Start at the first line of the listing below. Write out each line exactly, stopping after the one that contains "Anglers Fly Fishing".

-*-*-

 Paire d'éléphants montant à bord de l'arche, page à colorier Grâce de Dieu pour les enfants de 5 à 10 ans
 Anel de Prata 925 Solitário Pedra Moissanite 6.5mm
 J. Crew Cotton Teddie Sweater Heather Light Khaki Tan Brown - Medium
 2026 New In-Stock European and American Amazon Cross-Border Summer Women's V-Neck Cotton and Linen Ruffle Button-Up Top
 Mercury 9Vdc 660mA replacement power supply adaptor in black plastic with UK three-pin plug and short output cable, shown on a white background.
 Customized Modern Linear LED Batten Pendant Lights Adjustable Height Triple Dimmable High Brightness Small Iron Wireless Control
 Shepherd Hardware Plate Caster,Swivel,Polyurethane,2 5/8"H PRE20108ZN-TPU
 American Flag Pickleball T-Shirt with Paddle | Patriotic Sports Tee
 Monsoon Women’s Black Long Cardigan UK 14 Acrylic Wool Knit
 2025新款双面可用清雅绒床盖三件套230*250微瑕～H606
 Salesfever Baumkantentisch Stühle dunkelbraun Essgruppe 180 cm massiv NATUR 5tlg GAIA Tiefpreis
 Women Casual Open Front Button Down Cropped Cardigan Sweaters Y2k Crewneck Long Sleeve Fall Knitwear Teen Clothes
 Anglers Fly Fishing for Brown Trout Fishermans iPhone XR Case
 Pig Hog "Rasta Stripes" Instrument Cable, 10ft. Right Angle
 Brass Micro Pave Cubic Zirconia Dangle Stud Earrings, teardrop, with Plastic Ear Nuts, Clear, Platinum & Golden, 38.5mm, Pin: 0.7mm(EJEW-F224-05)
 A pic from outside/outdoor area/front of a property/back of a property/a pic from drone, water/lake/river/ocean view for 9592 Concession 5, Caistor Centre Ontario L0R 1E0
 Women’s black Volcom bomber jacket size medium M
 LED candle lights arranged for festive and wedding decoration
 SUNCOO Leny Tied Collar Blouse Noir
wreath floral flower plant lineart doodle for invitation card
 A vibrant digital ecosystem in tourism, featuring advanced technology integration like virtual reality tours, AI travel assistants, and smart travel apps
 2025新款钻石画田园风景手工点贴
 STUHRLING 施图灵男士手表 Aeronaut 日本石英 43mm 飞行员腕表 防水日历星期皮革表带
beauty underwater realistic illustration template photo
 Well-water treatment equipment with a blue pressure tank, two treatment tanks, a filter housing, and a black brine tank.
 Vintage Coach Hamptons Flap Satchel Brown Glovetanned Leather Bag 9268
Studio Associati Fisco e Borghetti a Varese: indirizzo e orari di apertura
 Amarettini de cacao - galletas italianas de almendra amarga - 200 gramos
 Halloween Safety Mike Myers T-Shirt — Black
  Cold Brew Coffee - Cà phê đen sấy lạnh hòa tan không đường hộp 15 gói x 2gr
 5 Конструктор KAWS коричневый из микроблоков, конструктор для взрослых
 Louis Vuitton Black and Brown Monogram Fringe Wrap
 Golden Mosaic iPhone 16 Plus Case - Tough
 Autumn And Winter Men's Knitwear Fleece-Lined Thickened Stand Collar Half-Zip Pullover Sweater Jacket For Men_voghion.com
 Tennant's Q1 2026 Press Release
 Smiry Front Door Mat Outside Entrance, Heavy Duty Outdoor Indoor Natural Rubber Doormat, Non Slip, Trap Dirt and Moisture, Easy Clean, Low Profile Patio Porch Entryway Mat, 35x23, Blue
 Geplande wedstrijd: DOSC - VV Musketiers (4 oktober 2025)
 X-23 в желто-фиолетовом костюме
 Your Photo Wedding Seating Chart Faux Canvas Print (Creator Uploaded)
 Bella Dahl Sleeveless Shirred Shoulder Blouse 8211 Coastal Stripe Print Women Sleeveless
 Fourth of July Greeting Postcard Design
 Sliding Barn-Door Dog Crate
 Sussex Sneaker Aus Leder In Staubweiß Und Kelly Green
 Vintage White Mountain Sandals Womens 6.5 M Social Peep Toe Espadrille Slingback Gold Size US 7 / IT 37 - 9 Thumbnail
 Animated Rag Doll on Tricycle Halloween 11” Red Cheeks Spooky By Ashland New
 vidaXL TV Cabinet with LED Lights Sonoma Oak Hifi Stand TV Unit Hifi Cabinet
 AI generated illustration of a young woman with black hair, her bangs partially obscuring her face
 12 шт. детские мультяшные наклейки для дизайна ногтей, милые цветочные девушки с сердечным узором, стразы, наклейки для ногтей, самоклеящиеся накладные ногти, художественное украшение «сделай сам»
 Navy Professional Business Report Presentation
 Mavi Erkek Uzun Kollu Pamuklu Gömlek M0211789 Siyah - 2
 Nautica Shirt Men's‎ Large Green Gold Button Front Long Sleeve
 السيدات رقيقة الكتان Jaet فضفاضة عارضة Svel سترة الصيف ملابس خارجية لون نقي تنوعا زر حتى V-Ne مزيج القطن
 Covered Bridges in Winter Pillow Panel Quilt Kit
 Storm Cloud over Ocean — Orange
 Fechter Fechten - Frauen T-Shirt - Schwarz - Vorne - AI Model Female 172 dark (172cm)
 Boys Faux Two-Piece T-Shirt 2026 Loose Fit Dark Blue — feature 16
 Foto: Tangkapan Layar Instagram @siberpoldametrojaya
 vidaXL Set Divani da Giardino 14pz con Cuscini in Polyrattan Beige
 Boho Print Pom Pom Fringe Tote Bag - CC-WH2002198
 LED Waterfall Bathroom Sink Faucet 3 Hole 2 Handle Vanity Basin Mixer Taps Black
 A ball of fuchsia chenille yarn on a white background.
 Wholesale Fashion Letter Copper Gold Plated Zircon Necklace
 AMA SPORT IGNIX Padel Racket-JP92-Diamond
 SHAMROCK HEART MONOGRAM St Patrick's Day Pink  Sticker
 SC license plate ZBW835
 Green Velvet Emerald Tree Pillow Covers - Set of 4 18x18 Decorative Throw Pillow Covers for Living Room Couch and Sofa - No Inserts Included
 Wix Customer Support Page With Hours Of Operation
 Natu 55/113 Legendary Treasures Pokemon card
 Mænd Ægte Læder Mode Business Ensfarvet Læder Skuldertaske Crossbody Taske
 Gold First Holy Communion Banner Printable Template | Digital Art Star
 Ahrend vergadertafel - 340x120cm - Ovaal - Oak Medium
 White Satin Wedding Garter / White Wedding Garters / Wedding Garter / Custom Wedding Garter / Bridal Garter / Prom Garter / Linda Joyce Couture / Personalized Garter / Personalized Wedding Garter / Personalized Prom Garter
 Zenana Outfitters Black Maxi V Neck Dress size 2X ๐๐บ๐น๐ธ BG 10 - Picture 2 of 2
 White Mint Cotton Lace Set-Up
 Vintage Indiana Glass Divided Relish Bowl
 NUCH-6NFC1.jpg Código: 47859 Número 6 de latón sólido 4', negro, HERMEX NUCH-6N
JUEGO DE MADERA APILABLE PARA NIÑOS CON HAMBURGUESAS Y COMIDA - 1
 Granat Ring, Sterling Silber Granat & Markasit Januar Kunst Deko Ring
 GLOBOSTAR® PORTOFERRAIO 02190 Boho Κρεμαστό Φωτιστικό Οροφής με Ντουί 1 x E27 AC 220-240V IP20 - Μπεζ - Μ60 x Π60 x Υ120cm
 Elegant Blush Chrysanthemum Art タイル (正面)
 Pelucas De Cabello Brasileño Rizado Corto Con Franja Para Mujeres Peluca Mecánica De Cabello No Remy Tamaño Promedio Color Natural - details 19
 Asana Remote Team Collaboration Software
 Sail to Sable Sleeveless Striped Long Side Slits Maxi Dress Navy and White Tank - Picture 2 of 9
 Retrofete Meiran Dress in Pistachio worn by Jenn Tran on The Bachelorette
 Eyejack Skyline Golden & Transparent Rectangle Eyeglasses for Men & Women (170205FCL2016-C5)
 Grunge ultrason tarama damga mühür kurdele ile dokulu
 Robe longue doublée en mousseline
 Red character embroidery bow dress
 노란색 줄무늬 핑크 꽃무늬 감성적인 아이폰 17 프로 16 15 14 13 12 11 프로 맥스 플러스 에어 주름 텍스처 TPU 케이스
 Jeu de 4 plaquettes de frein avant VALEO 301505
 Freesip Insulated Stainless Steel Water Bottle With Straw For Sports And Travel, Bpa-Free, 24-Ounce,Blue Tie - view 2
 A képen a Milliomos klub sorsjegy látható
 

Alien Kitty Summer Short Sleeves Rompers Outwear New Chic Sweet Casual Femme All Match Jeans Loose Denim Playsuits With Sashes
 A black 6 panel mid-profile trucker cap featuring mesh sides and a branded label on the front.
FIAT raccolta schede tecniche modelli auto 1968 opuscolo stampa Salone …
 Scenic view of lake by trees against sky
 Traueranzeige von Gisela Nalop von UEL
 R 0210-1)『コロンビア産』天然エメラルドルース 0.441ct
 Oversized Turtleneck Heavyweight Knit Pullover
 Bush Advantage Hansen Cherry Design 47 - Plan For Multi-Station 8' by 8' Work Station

-*-*-

_EXERCISE OUTPUT:_
 Paire d'éléphants montant à bord de l'arche, page à colorier Grâce de Dieu pour les enfants de 5 à 10 ans
 Anel de Prata 925 Solitário Pedra Moissanite 6.5mm
 J. Crew Cotton Teddie Sweater Heather Light Khaki Tan Brown - Medium
 2026 New In-Stock European and American Amazon Cross-Border Summer Women's V-Neck Cotton and Linen Ruffle Button-Up Top
 Mercury 9Vdc 660mA replacement power supply adaptor in black plastic with UK three-pin plug and short output cable, shown on a white background.
 Customized Modern Linear LED Batten Pendant Lights Adjustable Height Triple Dimmable High Brightness Small Iron Wireless Control
 Shepherd Hardware Plate Caster,Swivel,Polyurethane,2 5/8"H PRE20108ZN-TPU
 American Flag Pickleball T-Shirt with Paddle | Patriotic Sports Tee
 Monsoon Women’s Black Long Cardigan UK 14 Acrylic Wool Knit
 2025新款双面可用清雅绒床盖三件套230*250微瑕～H606
 Salesfever Baumkantentisch Stühle dunkelbraun Essgruppe 180 cm massiv NATUR 5tlg GAIA Tiefpreis
 Women Casual Open Front Button Down Cropped Cardigan Sweaters Y2k Crewneck Long Sleeve Fall Knitwear Teen Clothes
 Anglers Fly Fishing for Brown Trout Fishermans iPhone XR Case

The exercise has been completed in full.